Filmes educativos da RDA fazem parte do arquivo do museu em Los Angeles

A instituição em Los Angeles se autodefine como um centro de pesquisa, onde mais de 6 mil documentários e filmes educativos, declarações audiovisuais de testemunhas e outros documentos estão à disposição de historiadores, jornalistas, artistas e estudantes. Um arquivo sem igual que é intensamente explorado, comenta Jampol, sem esconder um certo orgulho. Ele considera importante essa distância espacial e emocional com relação à Alemanha e à história da RDA, pois é o que lhe permitiu ter uma visão mais neutra do passado.

O próprio historiador ficou surpreso quando descobriu o quanto o dia a dia dos alemães do Leste era avançado, em áreas como saúde e educação. Como exemplo, cita um filme educativo sobre a aids, produzido em 1988 sob encomenda do Museu de Higiene de Dresden.

Liebe ohne Angst(Amor sem medo) traz cenas de amor eróticas, entrevista jovens em casas noturnas, e dá dicas aos professores sobre como tratar do tema em sala de aula.
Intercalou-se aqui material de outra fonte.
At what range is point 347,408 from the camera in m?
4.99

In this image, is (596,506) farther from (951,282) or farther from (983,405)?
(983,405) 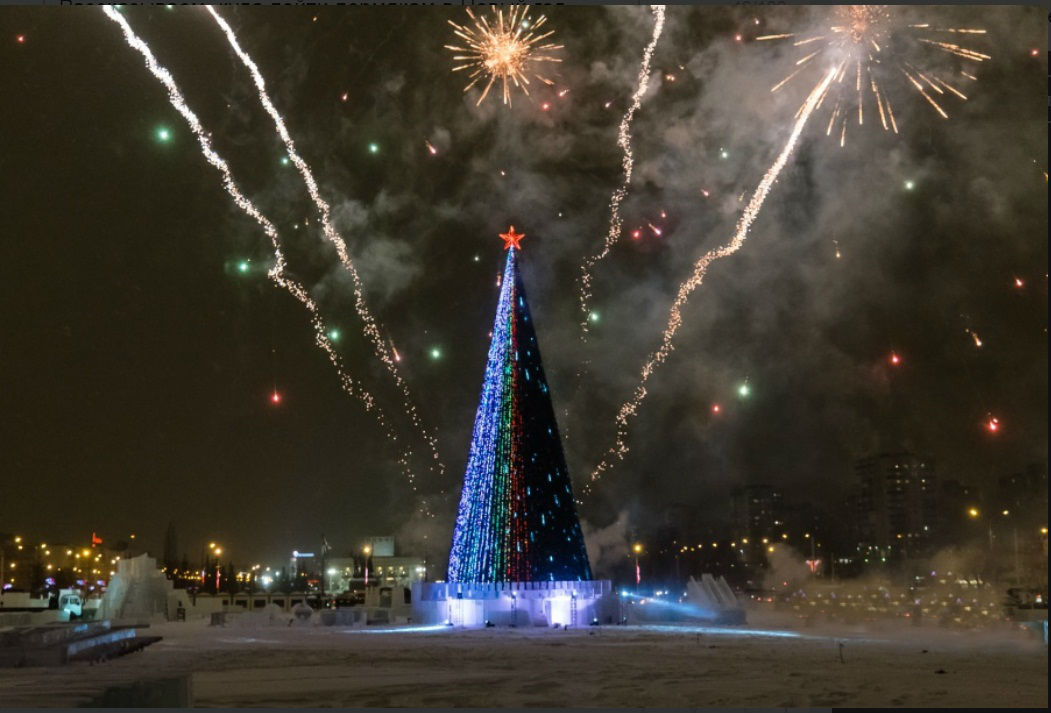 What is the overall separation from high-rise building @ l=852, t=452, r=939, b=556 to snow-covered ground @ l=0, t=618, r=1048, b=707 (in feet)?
147

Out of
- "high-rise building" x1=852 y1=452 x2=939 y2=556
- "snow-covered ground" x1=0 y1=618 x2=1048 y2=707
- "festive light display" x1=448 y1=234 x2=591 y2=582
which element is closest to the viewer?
"snow-covered ground" x1=0 y1=618 x2=1048 y2=707

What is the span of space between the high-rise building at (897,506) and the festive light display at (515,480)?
3840cm

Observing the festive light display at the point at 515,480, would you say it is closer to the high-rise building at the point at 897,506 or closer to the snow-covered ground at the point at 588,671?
the snow-covered ground at the point at 588,671

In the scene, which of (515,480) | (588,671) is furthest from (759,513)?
(588,671)

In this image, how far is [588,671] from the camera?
15688mm

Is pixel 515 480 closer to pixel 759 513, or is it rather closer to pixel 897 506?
pixel 897 506

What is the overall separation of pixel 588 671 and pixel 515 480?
13683mm

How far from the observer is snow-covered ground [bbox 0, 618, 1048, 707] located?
12734 millimetres

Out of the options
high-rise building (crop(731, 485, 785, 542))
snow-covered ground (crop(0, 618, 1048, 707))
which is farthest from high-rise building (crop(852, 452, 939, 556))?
snow-covered ground (crop(0, 618, 1048, 707))

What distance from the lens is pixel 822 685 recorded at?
13.8 metres

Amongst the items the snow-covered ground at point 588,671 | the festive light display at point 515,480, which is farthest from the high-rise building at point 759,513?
the snow-covered ground at point 588,671

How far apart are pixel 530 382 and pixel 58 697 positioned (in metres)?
18.8

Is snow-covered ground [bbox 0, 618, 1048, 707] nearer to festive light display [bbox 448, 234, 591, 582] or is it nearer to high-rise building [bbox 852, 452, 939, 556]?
festive light display [bbox 448, 234, 591, 582]

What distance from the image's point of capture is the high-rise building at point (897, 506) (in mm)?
68825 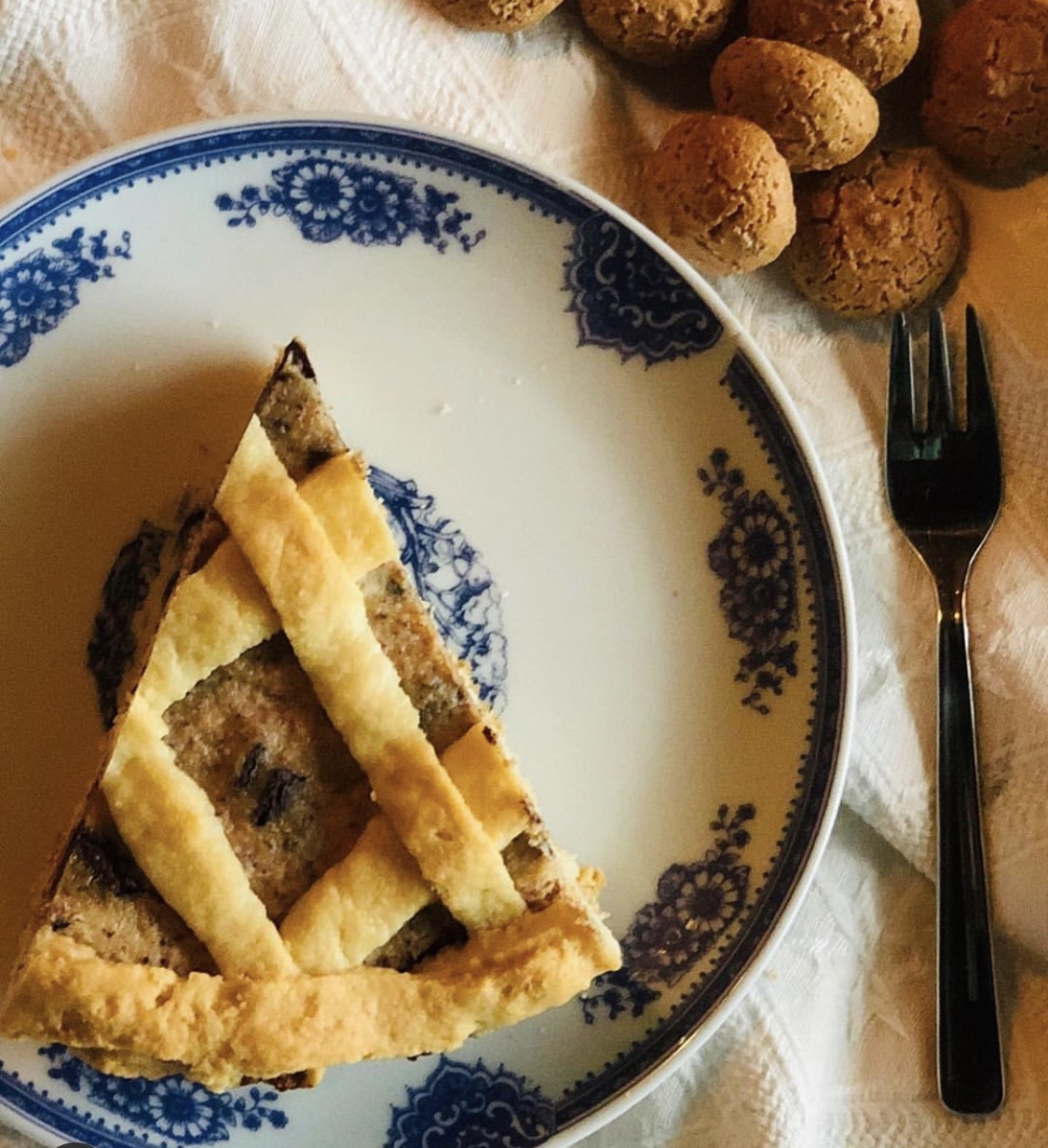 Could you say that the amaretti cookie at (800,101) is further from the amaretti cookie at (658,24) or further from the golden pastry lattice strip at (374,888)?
the golden pastry lattice strip at (374,888)

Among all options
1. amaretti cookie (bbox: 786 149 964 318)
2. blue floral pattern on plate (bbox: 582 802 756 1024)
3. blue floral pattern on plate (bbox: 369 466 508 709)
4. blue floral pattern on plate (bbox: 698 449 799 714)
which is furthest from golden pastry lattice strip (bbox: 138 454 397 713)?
amaretti cookie (bbox: 786 149 964 318)

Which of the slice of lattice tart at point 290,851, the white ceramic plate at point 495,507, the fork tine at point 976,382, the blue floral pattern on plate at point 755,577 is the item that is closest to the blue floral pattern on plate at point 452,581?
the white ceramic plate at point 495,507

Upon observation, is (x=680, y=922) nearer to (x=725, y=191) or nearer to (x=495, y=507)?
(x=495, y=507)

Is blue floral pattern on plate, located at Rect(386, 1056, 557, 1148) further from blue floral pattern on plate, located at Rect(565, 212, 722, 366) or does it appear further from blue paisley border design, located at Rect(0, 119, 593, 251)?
blue paisley border design, located at Rect(0, 119, 593, 251)

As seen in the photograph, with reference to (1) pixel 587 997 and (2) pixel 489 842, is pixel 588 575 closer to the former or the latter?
(2) pixel 489 842

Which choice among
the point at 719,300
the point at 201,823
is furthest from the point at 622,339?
the point at 201,823

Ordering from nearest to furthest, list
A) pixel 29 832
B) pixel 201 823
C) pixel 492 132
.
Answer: pixel 201 823 < pixel 29 832 < pixel 492 132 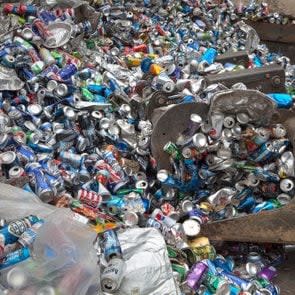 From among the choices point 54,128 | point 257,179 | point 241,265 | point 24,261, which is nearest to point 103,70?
point 54,128

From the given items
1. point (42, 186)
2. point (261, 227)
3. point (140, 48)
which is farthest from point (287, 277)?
point (140, 48)

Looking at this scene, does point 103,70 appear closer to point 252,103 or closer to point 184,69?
point 184,69

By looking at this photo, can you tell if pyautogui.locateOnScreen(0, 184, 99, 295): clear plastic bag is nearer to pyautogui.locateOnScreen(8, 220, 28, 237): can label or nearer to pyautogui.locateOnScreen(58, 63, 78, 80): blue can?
pyautogui.locateOnScreen(8, 220, 28, 237): can label

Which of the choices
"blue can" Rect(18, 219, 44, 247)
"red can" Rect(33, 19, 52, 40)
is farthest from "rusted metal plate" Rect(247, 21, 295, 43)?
"blue can" Rect(18, 219, 44, 247)

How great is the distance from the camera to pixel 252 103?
326 cm

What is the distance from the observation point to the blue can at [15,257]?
77.5 inches

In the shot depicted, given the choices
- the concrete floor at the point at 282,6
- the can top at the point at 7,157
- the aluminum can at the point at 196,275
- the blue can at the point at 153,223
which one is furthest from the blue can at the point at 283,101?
the concrete floor at the point at 282,6

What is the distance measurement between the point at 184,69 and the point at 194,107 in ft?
3.31

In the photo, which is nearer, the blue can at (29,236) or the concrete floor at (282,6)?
the blue can at (29,236)

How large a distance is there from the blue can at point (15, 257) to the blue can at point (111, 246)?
40 cm

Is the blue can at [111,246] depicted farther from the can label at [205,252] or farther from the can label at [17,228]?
the can label at [205,252]

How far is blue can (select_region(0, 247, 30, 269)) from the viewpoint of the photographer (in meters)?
1.97

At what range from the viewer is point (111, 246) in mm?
2287

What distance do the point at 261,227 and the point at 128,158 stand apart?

E isso numa época em que, nos Estados Unidos, a educação sexual nas escolas era tema de polêmica. Tais testemunhos também podem servir para corrigir a imagem que se tem da RDA, acredita Jampol.


Mais de 6 mil documentos audiovisuais preservados em Los Angeles

Para além da Alemanha Oriental

Mas os interesses do carismático fundador não se resumem à RDA. A seu ver, a vida numa cidade dividida, com um muro e um sofisticado sistema de vigilância, é um tema que ultrapassa em muito a história alemã oriental concreta. Por isso, ele oferece em seu museu frequentes simpósios e programas de residência artística, que situam a problemática num contexto maior. Pontos de conexão importantes para seu trabalho são os movimentos árabes de libertação, os conflitos nas ex-repúblicas da União Soviética, na Coreia, em Beirute e Israel.

Justin Jampol é o perfeito embaixador em causa própria, com um interminável repertório de anedotas sobre a RDA. Suas fontes são estudos e numerosas conversas com testemunhas da época. "Sendo americano, não tinha nada a ver com a relação entre alemães orientais e ocidentais, havia menos reservas em relação a mim."

Ele sabe as cores com que eram pichadas as torres de vigilância, analisa a psicologia dos vigias. "Muitas vezes, eram órfãos crescidos em instituições estatais e, portanto, cem por cento crentes no sistema. Mesmo depois que ele caiu, queriam continuar o seu trabalho, e voltavam repetidamente aos seus postos, que já não existiam mais."

Em 9 de novembro de 2014, 25º aniversário da queda do Muro de Berlim, o Wende Museum de Los Angeles se mudará para o National Guard Armory. O antigo arsenal, construído no início da Guerra Fria, fica ao lado de um parque em memória dos veteranos americanos. “Um lugar perfeito”, define Justin Jampol.